Une colonne blanche en guise d'au revoir et comme symbole d'une nouvelle ère de censure en Turquie. Güray Öz, ancien journaliste du quotidien d'opposition Cumhuriyet, ne pouvait pas trouver plus parlant pour s'adresser une dernière fois à ses lecteurs alors qu'il devrait être incarcéré dans les jours à venir. La cour d'appel régionale d'Istanbul a en effet confirmé jeudi sa condamnation à trois ans et neuf mois de prison, ainsi que celle de sept autres journalistes du quotidien turc, auquel Libération avait ouvert ses pages en juillet 2017.
Devant le palais de justice d'Istanbul, les avocats des journalistes ont réaffirmé leur combat pour une presse et une justice libres : «Le verdict de ce procès signifie que la liberté de la presse en Turquie, déjà inexistante, s'éteint également sur le papier», a clamé Tora Pekin, avocat, ajoutant que la décision du tribunal prouve que «dorénavant, les politiques éditoriales des organes médiatiques sont dépendantes des visions du monde des procureurs».

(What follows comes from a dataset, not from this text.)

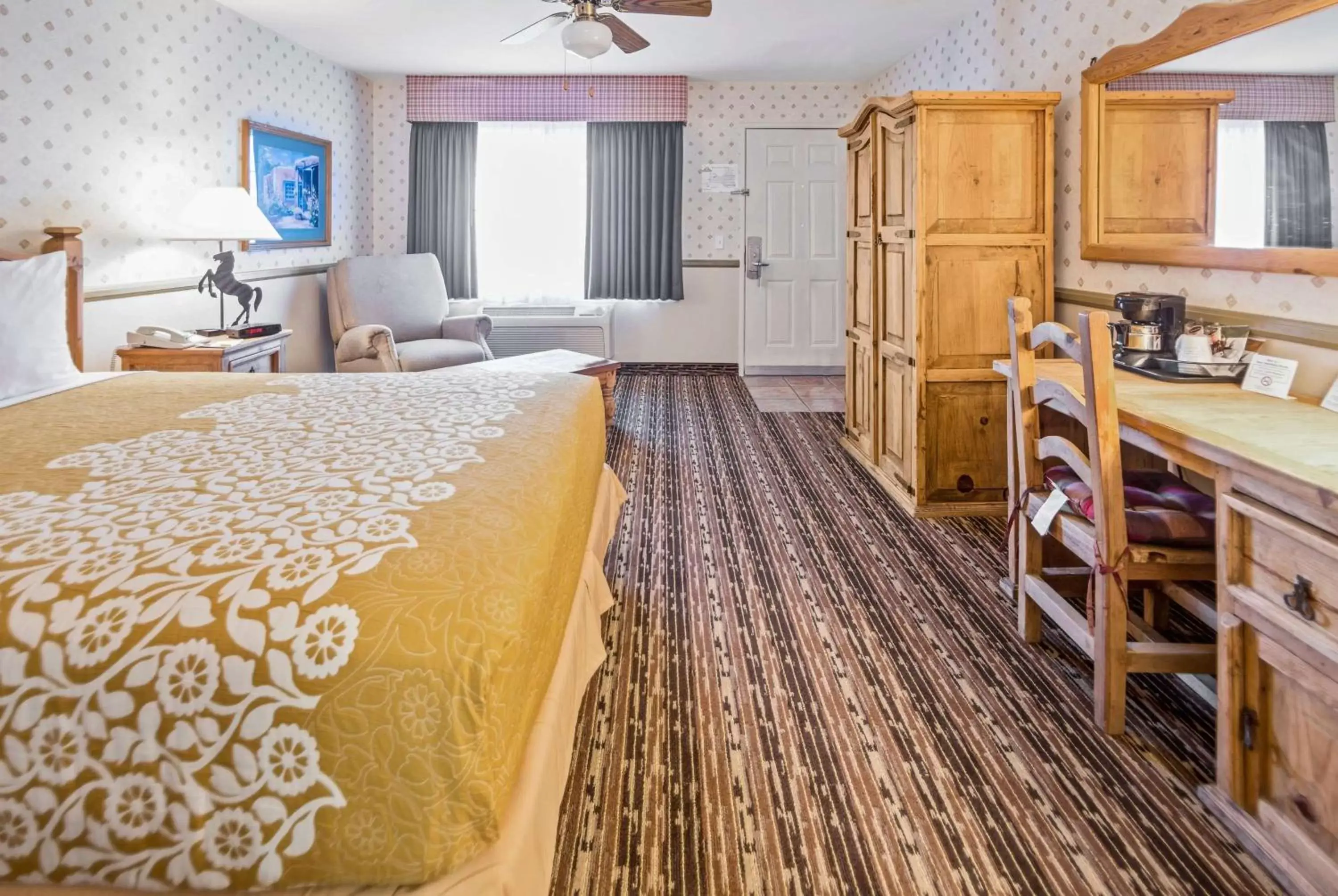Photo of the whole room, Bed in Days Inn by Wyndham Lebec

Clou. C'est en effet un changement «radical» de ligne éditoriale, en 2015, qui a été reproché au quotidien. Il se serait, selon la justice, aligné sur les objectifs de trois organisations terroristes : le mouvement de Fethullah Gülen, accusé d'avoir fomenté le putsch manqué de 2016, le Parti des travailleurs du Kurdistan (PKK) et le groupuscule staliniste DHKP-C. «Contrôler la politique éditoriale des journaux n'est pas de la compétence des procureurs… Allez-vous faire voir !» avait rétorqué Akin Atalay, patron du journal, en juillet 2017. Le 25 avril 2018, quatorze journalistes et administrateurs de Cumhuriyet avaient donc été condamnés à des peines allant de deux ans et demi à plus de huit ans de prison pour avoir supposément «assisté une organisation terroriste». Huit d'entre eux vont donc rejoindre les quelque 175 autres journalistes déjà emprisonnés en Turquie, selon Human Rights Watch.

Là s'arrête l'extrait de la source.